The murder of George Floyd

3 years later, some north Minneapolis businesses are still recovering from unrest

A man behind a store counter.
Ousman Camara behind the counter of his shop, K's Grocery & Deli in north Minneapolis on July 15.
Melissa Townsend | MPR News 2020

Three years ago, the Twins Cities area broke out in unrest after Minneapolis police murdered George Floyd on May 25. Though much of the focus was on south Minneapolis, small businesses in north Minneapolis suffered damage and losses as well.

Since then, government funding has helped some northside businesses reopen. But others are not yet whole.

Tara Watson owns a building on West Broadway that is home to a number of her businesses including Watson Chiropractic and Anytime Fitness. She remembered the emotions surrounding the uprising.

“There was fear, people just didn't feel safe. People were very upset,” Watson said. “People didn't feel safe by the police it was just a lot going on all at one time.”

Molotov cocktails and thrown objects damaged the top of her building. Watson said she couldn’t secure funding to fix the roof. The cost is over $100,000, she estimated.

“I wasn't able to get help with that, or leverage that and find anybody who was willing to do that,” she said. “I mean, we're still hopeful, but we weren't able to.”

Insurance, she added, does not cover riot damage. 

“Thankfully, West Broadway Business and Area Coalition did have some impact funding that helped,” Watson said.

the front of a building with a sign that reads Watson Chiropractic
Tara Watson, who owns a number of small businesses in north Minneapolis, is seen in front of her property.
Regina Medina | MPR News

She received grants to repair damage and spruce up the front of the building, including new signage and improved lighting outside.

Ousman Camara remembers learning about how George Floyd was killed. 

“When I woke up to pray in the middle of the night that's when I saw the video,” Camara said.

Later that day, he got a text from a customer. She told him people were breaking into businesses near his store on West Broadway. Camara rushed from his Brooklyn Center home to K's Grocery and Deli. 

Five customers helped him stand guard inside K's during the first week while the scene outside was intense. Rounds of gunshots filled the air. Pickup trucks zoomed through the streets. 

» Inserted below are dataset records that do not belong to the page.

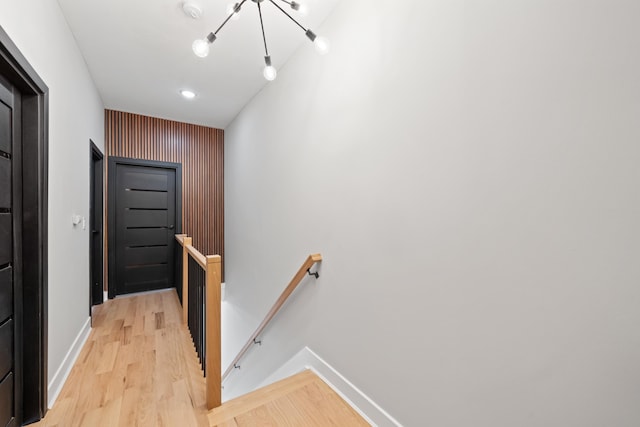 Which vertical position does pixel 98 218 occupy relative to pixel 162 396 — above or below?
above

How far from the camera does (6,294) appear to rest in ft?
4.66

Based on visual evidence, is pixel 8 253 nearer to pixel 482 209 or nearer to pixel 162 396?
pixel 162 396

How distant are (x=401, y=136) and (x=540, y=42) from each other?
2.07 ft

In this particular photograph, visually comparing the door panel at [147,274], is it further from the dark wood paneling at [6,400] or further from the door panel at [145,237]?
the dark wood paneling at [6,400]

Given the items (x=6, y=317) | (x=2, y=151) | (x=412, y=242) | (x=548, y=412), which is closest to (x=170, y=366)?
(x=6, y=317)

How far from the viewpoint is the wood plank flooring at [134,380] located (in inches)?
62.4

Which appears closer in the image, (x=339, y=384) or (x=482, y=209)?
(x=482, y=209)

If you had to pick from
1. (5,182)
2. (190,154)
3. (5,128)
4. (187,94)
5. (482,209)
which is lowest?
(482,209)

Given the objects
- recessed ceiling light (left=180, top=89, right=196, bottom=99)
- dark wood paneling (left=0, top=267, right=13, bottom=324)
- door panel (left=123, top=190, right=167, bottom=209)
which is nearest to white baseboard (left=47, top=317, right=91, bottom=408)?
dark wood paneling (left=0, top=267, right=13, bottom=324)

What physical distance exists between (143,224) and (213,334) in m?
3.30

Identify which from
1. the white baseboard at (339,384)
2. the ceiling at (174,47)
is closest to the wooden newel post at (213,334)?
the white baseboard at (339,384)

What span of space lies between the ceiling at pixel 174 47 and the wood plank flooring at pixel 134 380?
8.93 ft

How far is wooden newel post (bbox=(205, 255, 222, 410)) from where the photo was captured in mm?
1585

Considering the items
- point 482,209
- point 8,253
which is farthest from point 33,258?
point 482,209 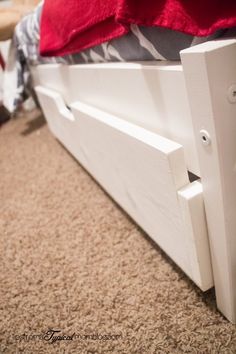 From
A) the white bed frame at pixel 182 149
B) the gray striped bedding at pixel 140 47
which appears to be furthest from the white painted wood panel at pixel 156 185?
the gray striped bedding at pixel 140 47

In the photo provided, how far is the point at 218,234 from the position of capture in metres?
0.39

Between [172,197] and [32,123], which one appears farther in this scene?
[32,123]

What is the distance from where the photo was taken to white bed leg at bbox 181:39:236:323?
0.29 metres

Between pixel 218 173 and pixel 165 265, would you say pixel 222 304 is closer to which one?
pixel 165 265

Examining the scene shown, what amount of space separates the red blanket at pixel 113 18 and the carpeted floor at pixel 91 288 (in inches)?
17.3

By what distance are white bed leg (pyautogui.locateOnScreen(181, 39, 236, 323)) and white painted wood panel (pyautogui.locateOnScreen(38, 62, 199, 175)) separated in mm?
41

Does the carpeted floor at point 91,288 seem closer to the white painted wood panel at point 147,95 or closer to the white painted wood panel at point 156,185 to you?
the white painted wood panel at point 156,185

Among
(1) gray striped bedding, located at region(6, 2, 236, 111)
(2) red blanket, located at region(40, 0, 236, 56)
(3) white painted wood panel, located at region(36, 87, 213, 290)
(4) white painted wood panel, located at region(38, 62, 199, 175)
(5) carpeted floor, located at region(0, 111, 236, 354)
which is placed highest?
(2) red blanket, located at region(40, 0, 236, 56)

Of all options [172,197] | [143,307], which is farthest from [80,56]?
[143,307]

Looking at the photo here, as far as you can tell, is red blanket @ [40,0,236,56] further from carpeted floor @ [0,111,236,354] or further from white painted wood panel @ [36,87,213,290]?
carpeted floor @ [0,111,236,354]

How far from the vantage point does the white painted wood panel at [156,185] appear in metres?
0.39

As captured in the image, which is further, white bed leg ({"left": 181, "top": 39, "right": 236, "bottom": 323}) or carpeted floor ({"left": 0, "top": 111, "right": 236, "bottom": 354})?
carpeted floor ({"left": 0, "top": 111, "right": 236, "bottom": 354})

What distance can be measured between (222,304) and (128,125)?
0.34 metres

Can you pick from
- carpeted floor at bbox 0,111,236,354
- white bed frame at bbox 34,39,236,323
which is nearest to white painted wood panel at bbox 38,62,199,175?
white bed frame at bbox 34,39,236,323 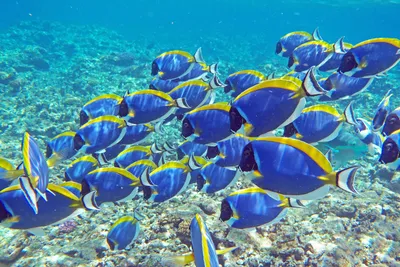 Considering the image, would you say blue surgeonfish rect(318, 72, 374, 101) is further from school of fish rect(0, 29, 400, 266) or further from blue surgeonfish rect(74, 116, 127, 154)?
blue surgeonfish rect(74, 116, 127, 154)

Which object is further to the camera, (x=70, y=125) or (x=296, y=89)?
(x=70, y=125)

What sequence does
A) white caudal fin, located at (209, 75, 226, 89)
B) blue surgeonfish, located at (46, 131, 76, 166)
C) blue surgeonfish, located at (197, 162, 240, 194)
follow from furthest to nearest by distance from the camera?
1. blue surgeonfish, located at (46, 131, 76, 166)
2. white caudal fin, located at (209, 75, 226, 89)
3. blue surgeonfish, located at (197, 162, 240, 194)

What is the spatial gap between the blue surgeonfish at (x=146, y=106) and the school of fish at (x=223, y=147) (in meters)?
0.01

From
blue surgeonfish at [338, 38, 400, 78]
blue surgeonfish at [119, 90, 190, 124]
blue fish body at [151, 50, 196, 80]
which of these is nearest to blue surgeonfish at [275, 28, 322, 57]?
blue fish body at [151, 50, 196, 80]

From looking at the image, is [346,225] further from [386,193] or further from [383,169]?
[383,169]

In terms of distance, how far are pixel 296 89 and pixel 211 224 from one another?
3201 millimetres

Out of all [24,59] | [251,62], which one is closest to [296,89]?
[24,59]

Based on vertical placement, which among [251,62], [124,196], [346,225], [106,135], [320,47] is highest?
[251,62]

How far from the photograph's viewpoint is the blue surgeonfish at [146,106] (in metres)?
3.57

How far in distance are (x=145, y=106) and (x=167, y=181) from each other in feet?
3.24

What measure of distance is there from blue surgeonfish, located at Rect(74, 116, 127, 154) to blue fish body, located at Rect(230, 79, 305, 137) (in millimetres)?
1973

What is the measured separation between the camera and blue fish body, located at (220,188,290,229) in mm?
2854

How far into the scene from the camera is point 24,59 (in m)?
19.7

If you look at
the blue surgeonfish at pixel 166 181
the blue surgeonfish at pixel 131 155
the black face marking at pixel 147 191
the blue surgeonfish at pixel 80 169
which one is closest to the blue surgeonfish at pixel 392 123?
the blue surgeonfish at pixel 166 181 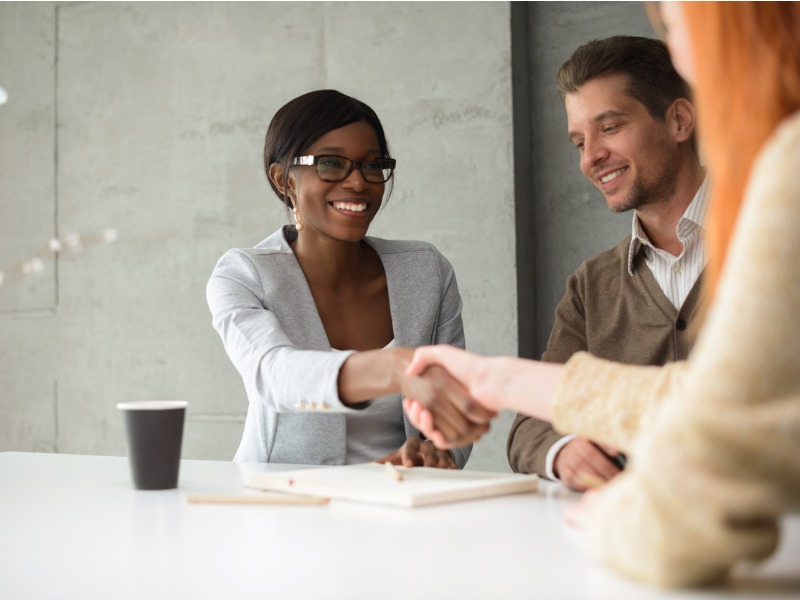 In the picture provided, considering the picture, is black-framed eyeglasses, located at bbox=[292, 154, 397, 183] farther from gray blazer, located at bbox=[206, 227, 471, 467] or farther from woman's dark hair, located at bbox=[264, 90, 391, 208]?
gray blazer, located at bbox=[206, 227, 471, 467]

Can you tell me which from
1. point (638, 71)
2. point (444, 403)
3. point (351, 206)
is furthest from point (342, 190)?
point (444, 403)

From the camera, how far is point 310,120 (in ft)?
7.14

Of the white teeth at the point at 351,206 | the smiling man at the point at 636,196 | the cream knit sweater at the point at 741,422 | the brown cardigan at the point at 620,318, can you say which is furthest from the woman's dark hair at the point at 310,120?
the cream knit sweater at the point at 741,422

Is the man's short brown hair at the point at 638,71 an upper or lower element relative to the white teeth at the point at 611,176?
upper

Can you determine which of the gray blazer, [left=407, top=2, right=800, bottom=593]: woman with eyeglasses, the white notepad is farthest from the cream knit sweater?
the gray blazer

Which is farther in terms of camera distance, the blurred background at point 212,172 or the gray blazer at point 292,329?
the blurred background at point 212,172

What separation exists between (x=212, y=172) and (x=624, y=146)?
2286 mm

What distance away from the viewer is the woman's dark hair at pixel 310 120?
7.13 ft

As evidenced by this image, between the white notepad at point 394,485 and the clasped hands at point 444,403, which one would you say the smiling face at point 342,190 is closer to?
the clasped hands at point 444,403

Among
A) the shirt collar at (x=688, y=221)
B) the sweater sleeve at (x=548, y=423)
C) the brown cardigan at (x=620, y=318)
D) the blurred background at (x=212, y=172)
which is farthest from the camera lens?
the blurred background at (x=212, y=172)

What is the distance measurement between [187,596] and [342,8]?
128 inches

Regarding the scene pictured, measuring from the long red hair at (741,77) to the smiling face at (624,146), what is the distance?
1371 millimetres

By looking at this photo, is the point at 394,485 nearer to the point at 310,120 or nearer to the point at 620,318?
the point at 620,318

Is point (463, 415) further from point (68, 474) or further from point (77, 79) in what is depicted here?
point (77, 79) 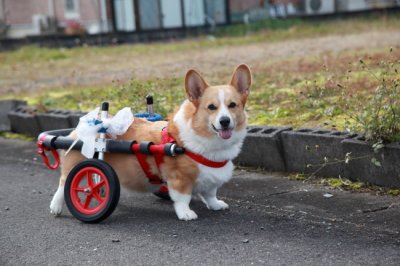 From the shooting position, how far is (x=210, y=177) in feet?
16.3

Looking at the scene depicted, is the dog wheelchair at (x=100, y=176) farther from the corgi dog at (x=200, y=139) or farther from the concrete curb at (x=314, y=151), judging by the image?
the concrete curb at (x=314, y=151)

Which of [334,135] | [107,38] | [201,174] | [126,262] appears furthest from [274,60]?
[107,38]

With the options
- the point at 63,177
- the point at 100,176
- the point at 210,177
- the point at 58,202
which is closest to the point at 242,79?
the point at 210,177

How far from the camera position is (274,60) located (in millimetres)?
13219

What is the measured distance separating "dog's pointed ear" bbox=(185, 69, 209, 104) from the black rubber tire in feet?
2.50

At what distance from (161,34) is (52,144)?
61.9ft

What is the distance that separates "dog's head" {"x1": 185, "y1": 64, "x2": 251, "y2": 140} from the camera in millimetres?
4754

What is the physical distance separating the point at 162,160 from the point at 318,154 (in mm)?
1472

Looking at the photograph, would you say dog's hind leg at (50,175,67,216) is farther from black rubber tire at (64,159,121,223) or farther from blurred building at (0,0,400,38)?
blurred building at (0,0,400,38)

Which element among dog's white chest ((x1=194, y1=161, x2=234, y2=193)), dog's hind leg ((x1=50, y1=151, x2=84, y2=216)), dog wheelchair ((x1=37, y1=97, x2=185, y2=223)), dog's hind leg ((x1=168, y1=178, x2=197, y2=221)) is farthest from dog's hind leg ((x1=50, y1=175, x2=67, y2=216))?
dog's white chest ((x1=194, y1=161, x2=234, y2=193))

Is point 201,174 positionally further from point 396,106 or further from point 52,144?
point 396,106

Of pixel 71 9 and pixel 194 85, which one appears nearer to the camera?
pixel 194 85

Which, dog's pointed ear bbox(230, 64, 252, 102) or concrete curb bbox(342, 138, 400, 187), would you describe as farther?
concrete curb bbox(342, 138, 400, 187)

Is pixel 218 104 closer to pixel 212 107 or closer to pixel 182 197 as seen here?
pixel 212 107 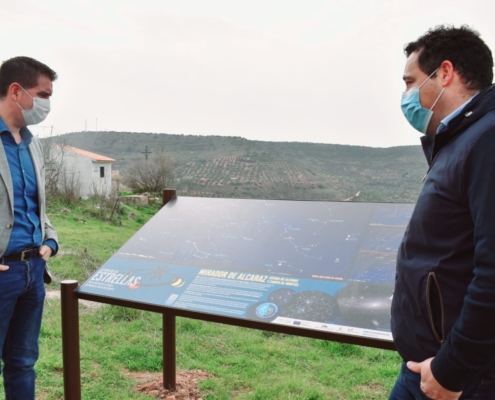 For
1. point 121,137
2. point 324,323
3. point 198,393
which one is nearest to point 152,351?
point 198,393

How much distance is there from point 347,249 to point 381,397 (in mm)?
1578

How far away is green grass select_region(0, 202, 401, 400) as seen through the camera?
11.5ft

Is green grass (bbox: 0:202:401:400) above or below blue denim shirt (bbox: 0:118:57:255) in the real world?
below

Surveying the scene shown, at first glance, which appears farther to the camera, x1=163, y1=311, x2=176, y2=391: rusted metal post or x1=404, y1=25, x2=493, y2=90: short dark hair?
x1=163, y1=311, x2=176, y2=391: rusted metal post

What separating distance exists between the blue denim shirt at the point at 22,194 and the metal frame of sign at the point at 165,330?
15.0 inches

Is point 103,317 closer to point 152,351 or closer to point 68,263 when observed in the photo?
point 152,351

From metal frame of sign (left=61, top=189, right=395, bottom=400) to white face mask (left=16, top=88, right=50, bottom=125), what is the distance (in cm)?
97

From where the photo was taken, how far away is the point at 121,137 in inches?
1539

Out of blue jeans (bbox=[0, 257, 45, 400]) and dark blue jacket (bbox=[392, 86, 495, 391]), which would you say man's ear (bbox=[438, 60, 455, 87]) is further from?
blue jeans (bbox=[0, 257, 45, 400])

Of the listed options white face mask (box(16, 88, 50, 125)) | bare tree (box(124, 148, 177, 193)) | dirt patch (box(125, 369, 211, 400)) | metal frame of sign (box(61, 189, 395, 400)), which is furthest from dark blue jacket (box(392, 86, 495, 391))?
bare tree (box(124, 148, 177, 193))

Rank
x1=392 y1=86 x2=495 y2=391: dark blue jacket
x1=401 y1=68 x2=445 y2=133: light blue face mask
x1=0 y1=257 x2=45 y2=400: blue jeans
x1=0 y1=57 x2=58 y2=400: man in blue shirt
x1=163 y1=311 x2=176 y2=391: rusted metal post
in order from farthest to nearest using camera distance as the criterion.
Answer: x1=163 y1=311 x2=176 y2=391: rusted metal post
x1=0 y1=257 x2=45 y2=400: blue jeans
x1=0 y1=57 x2=58 y2=400: man in blue shirt
x1=401 y1=68 x2=445 y2=133: light blue face mask
x1=392 y1=86 x2=495 y2=391: dark blue jacket

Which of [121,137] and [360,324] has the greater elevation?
[360,324]

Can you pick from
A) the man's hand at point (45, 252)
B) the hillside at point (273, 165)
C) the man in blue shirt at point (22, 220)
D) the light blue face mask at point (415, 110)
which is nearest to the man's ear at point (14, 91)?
the man in blue shirt at point (22, 220)

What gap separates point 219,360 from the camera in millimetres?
4125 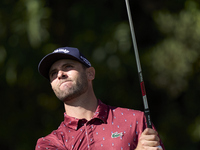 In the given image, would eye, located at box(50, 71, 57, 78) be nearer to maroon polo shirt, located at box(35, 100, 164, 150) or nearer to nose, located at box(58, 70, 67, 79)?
nose, located at box(58, 70, 67, 79)

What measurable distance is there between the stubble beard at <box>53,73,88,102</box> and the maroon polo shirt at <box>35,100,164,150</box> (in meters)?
0.11

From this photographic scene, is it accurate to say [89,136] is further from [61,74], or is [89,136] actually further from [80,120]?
[61,74]

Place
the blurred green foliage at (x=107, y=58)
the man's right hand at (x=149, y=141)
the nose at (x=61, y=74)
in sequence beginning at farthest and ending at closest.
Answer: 1. the blurred green foliage at (x=107, y=58)
2. the nose at (x=61, y=74)
3. the man's right hand at (x=149, y=141)

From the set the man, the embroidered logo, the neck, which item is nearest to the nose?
the man

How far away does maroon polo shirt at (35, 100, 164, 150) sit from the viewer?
86.3 inches

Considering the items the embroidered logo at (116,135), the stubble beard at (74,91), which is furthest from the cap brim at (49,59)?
the embroidered logo at (116,135)

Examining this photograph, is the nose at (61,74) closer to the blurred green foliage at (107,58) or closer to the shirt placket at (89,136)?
the shirt placket at (89,136)

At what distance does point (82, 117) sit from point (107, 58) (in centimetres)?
176

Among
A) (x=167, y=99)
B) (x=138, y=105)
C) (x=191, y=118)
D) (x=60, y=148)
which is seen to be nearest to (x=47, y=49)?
(x=138, y=105)

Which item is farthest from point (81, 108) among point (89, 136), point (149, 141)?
point (149, 141)

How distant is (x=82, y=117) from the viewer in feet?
7.59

By week two, the group dropped to a pair of loyal customers. Their presence allowed him to travel home for daily showers and spend some time with his family. 

Camara, a witness to civil war in his native country of Sierra Leone, sat by the front window with the lights on. He did this for more than 30 days. 

After the monthlong watch of his business was over, he said K's deli was vandalized multiple times. They shattered his front windows.

a Black man stands in front of a restaurant bar
Ousman Camara, owner of K’s Grocery and Deli in north Minneapolis, stands in front of the deli, which serves African food.
Regina Medina | MPR News

“There was one time they stole an ATM from the store,” he said. “My cash register got broken into a few times. It was just stealing stuff that is available.”

Help came in the form of grants and low-interest loans from neighborhood groups such as West Broadway Business and Area Coalition, Northside Economic Opportunity Network and other agencies.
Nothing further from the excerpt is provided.